Why do you think the Federal government sent in federal Marshalls (and more) so James Meredith could attend Ole’ Miss? Could it have something to do with the Governor himself taking over as registrar to block it, and numerous threats of violence, including from the KKK? [https://aas.olemiss.edu/documenting-the-african-american-exp...]

If you want to talk First, Second, or Third Klan, then sure. But if you want to spin the Klan in the south as a bunch of radicals running around in the woods? That’s just false.

It was who would come for you if you didn’t do what you were ‘supposed to’ - and were aided, abetted, and in many cases actively led by members of various state and local governments. When Lincoln was assassinated, reconciliation or follow through post civil war mostly stopped, and for a long time the hardliners and ‘secret Baathists’ (or not so secret) used it as their enforcement arm. And it was very effective. Ask any black man or woman living in the Deep South.
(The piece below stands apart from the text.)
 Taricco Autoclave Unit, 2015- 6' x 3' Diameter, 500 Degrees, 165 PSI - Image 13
Now they’re mostly a bunch of loser types (Third Klan or post Third Klan depending on where you draw the line), but they’re still somewhat dangerous. And to not remember the history is even more dangerous.
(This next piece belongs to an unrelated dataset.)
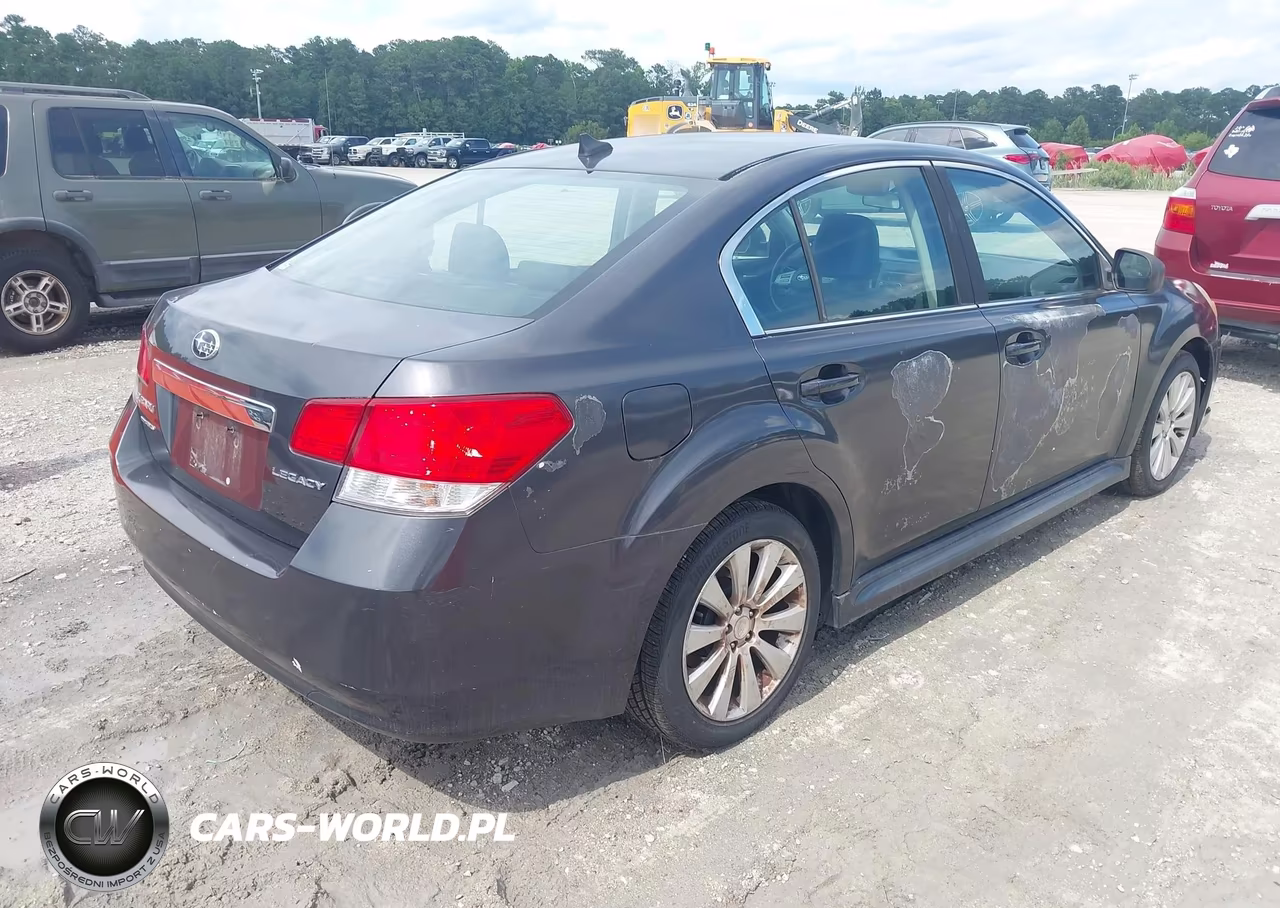 2011 Subaru Legacy 2.5I Limited VIN:4S3BMCK61B3243155 - 4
> it was a defacto paramilitary arm

Which means it wasn’t ever a paramilitary arm of the state. You just want to pretend it was because that way you can act as if the KKK and the state were part of the same thing, which they never were.

> It was who would come for you if you didn’t do what you were ‘supposed to’

Yes, because there were a bunch of racists who were operating a secret paramilitary organization…

> and for a long time the hardliners and ‘secret Baathists’ (or not so secret) used it as their enforcement arm

As you admit here.

Nobody is denying how bad the KKK was. It simply not true to say that it was ever part of the state.

Try this quote from Wikipedia:

“Organized in the Southern United States, it was suppressed through federal intervention in the early 1870s. It sought to overthrow the Republican state governments in the South, especially by using voter intimidation and targeted violence against African-American leaders. Each chapter was autonomous and highly secret as to membership and plans. Its numerous chapters across the South were suppressed around 1871, through federal law enforcement.

It was a terrorist organization which attempted to overthrow state governments and which the state suppressed.

That is about as far away from being an arm of the state as you can get, ‘defacto’ or not.